マルセイユ-パリサンジェルマン戦は8試合の中で最も注目を集めたカードであり、8日の21時10分にキックオフされた。試合の行われるマルセイユのベロドローム競技場は真冬の平日の夜であるが、フランスカップの決勝以外の試合としては最多の6万5000人のファンが集まった。
パリサンジェルマンは、2月の最重要試合はチャンピオンズリーグの決勝トーナメント1回戦の第1戦、14日に行われるバイエルン・ミュンヘン戦である。その1週間前にあるマルセイユ戦は最適のリハーサルである。
■ホームでのパリサンジェルマン戦の勝ち星が遠ざかっているマルセイユ
マルセイユは昨季のリーグ戦ではパリサンジェルマンに次ぐ2位となり、チャンピオンズリーグに出場したが、グループリーグで最下位となり、欧州の舞台から引き下ろされてしまった。残るは国内タイトル、リーグ戦では勝ち点8の差でパリサンジェルマンを追う2位である。ホームでのフランスカップに勝利して弾みをつけてリーグ戦での逆転を狙い、残された国内2タイトルを目指す。マルセイユの応援席にはフランスカップを模した巨大な旗が掲げられ、その中にはこれまでフランスカップで優勝した10の年が書かれているが、その最後は1989年である。マルセイユはホームゲームでパリサンジェルマンに勝利したのは2011年11月27日までさかのぼらなくてはならない。また、本連載ではマルセイユがワールドカップによる中断明けは好調とお伝えし、再開後はモナコ戦の引き分けをはさみ5連勝を記録したが、パリサンジェルマンとの決戦の直前の5日に行われたホームでのニース戦は1-3と敗れ、国内のチーム相手には昨年10月22日のRCランス戦以来の黒星となった。そして、今季のリーグ戦ではパリで10月16日に対戦しており、パリサンジェルマンが1-0と勝利している。

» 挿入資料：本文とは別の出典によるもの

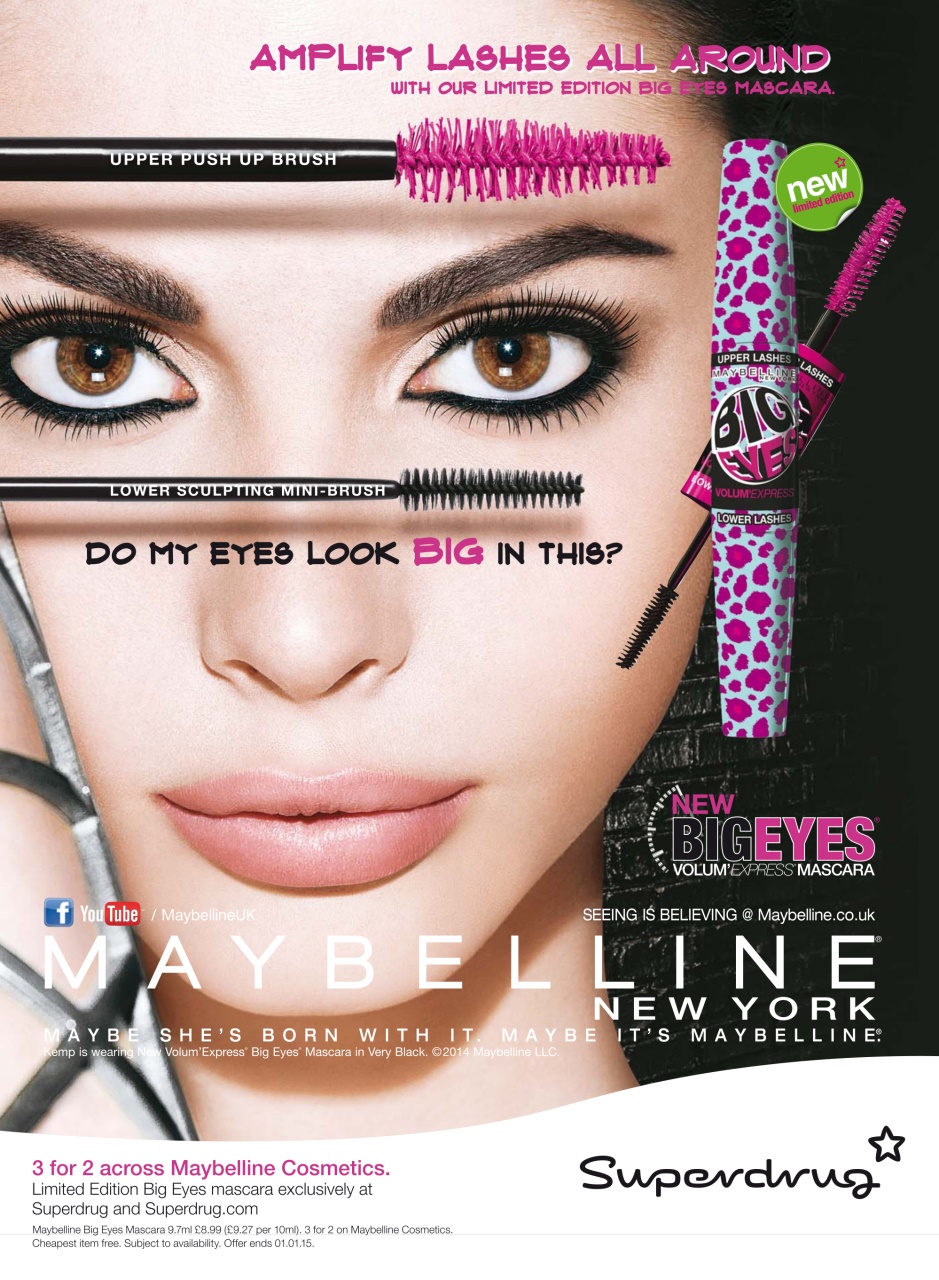 Hello! Magazine Preview Pages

■主将のバランタン・ロンジをストッパーに起用したマルセイユ
マルセイユは、ヌーノ・タバレス、レオナルド・バレルディ、エリック・ベイリーが欠場する。パリサンジェルマンは2月1日のモンペリエ戦でキリアン・ムバッペが負傷し、プレスネル・キンペンベとともにメンバーから外れている。マルセイユは通常は中盤を務める主将のバランタン・ロンジをストッパーに起用、その前の中盤の中央にはマテオ・ゲンドウジとジョルダン・ベルトゥというワールドカップのフランス代表コンビを起用する。

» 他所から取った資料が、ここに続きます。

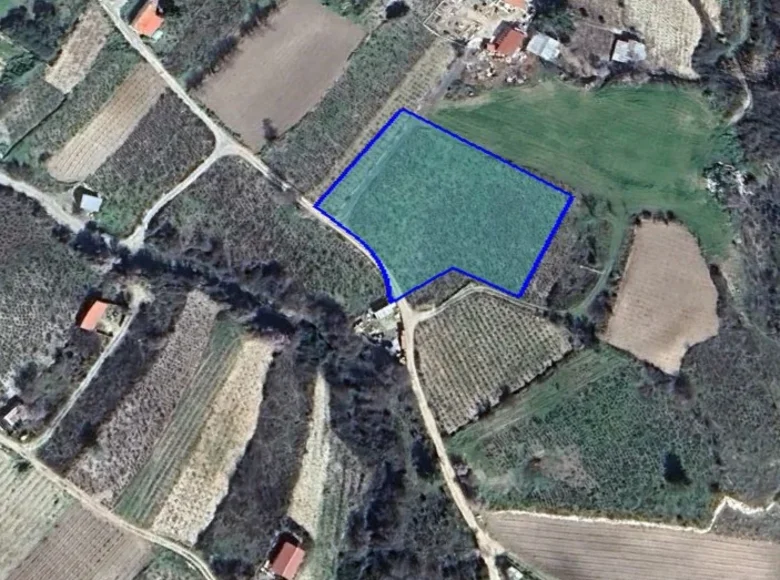 Land  Omodos, Cyprus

パリサンジェルマンは最前線にリオネル・メッシとネイマールの2人を配置し、トップ下にはビティーニャを配し、その下にはマルコ・ベラッティが支える。先にチャンスをつかんだのはパリサンジェルマンであった。3分にネイマールからのパスを受けた左サイドDFのヌーノ・メンデスがシュートを放つが、マルセイユのGKポー・ロペスが手で防ぐ。
これに対してマルセイユも序盤で得点のチャンスをつかむ。5分にはジェンギス・ウンデルが左足で強烈なシュートを放つが、パリサンジェルマンのGKジャンルイジ・ドンナルンマがCKに逃れる。実はマルセイユがベロドロームのパリサンジェルマン戦では2017年10月のフローリアン・トーバンが最後、それ以来5年以上、得点をあげることができないのである。